The MetroPCS Communications, Inc. (PCS) and T-Mobile USA merger faces uncertainty prior to the shareholder round for its approval. In a recent press release, MetroPCS stated that its shareholder, P. Schoenfeld Asset Management LP, issued a letter questioning the viability of the deal.
P. Schoenfeld has strongly condemned the proposed merger, citing unfair valuation to MetroPCS’ shareholders. The shareholder also criticized that the deal is not properly sketched out. Further, P. Schoenfeld highlights the fact that MetroPCS could have considered other viable options that could have aided in appraising its market value as a stand-alone company.
News regarding the debacle with shareholders’ consent has been hitting headlines since the company received the FCC approval. Another major shareholder, Paulson & Co also condemned the deal on grounds of the high debt level that it would impose on the new entity.
However, last week, MetroPCS issued a letter stating that the deal offers shareholders a 70% to 90% premium. In addition, the combined debt capital for the new company would be similar to that of the other big players in the industry and historical average of MetroPCS.
MetroPCS strongly believes that the merger with T-Mobile USA would boost its operations in the U.S. and safeguard its market share against rivals like AT&T, Inc. (T) and Verizon Communications Inc. (VZ) and Sprint Nextel Corp. (S).

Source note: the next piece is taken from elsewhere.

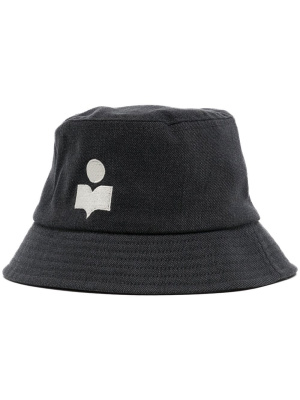 

Logo-embroidered denim bucket hat, ISABEL MARANT Logo-embroidered denim bucket hat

If the deal materializes, it is expected to expedite financial growth with the estimated five-year CAGR for revenues, EBITDA and free cash flow in the range of 3–5%, 7–10% and 15–20%, respectively. Further, Deutsche Telekom will also facilitate the merged company’s operations with the $5.5 billion backstop commitment for MetroPCS third-party financial dealings.
We believe that despite significant progress in the MetroPCS and T-Mobile merger, constant backlash between shareholders add a level of uncertainty to its prospects. Further, such issues adversely affect the market value of the company as these create negative sentiments among investors.